To break up the trip back to Australia I decided that instead of going straight home (which would be just too simple) I would make a stop in Dubai for a few days.
I’m not really sure what to write about Dubai. It’s a very… interesting place. I had no expectations or prior knowledge of the city before I went but from looking at a map I was getting ready to skip the metro and walk because everything seemed to look so close. Yet after taking a metro to the hotel and seeing the sheer size of everything, I put my walking shoes away because unless you want to walk for hours, it’s near impossible to get around Dubai without your own car or a taxi.
Having said that if one has sufficient money to stay in one of the big hotel chains like Sofitel or Hilton, one need not leave the vicinity of the hotel complex at all. In Australia I guess I’m used to a hotel having a pool, maybe a sauna and more often than not, a restaurant.
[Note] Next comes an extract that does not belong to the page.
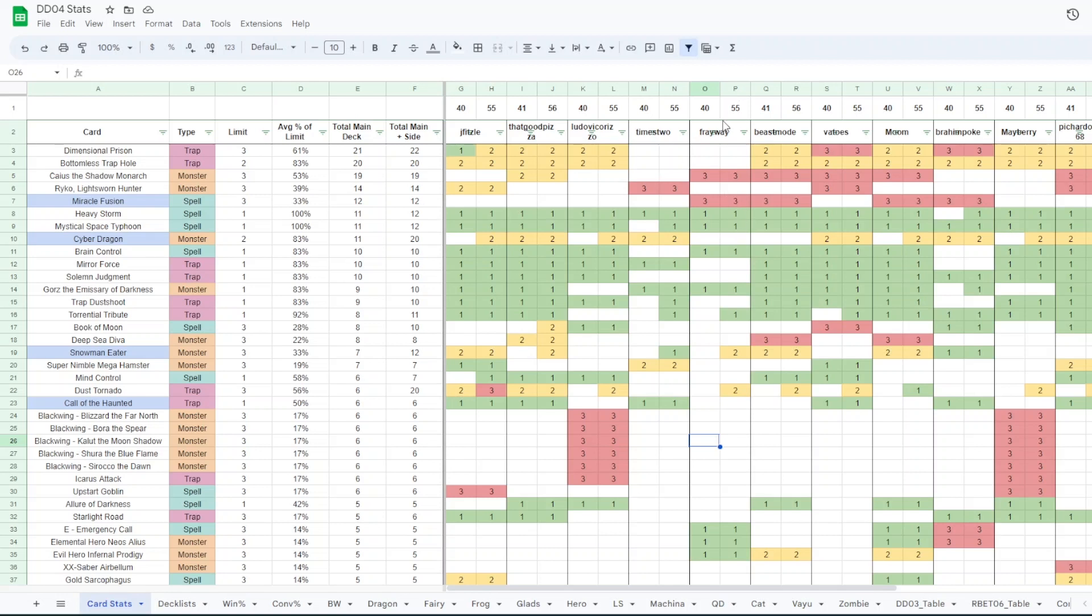So they're averaging one copy of Miracle Fusion despite there only being four decks that actually played the card. Hero Frogs, Diva Hero, Diva Hero, and like pure Hero Beat. But I just thought that was interesting that this Miracle Fusion was more common than Heavy Storm, MST, Brain Control, Mirror Force, all those. Because you know obviously you can run three of it.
So forgive me for thinking that a “hotel” that contains 6 high rises, its own beach, a water park, shopping centre, numerous restaurants of varying nationalities and several nightclubs (all of which require you to take a buggy or boat to access) seems a little excessive. Luckily for all the plebs who can’t afford to stay in said hotel chains, all of these extravagates are open to the public.
In addition to the mammoth hotels, the buildings in Dubai are incredible. I’m fairly sure majority of architects there are suffering from “Small Man Syndrome” because every building is a weirdly shaped monstrosity, designed to outshine its’ neighbour.
Dubai seems to lack any sense of fixed culture. There is such an obvious distinction between the rich and the poor and it’s not uncommon to be in a restaurant or shop where the staff outnumber customers. I found it hard to relax in Dubai because it felt like the lower class locals have been repressed and forced into working for minimal income in jobs that ooze consumerism. I have no idea if the city itself has always been this way but it seems to me like the Middle Eastern culture has been pushed out of the city to allowed expats to feel more at home.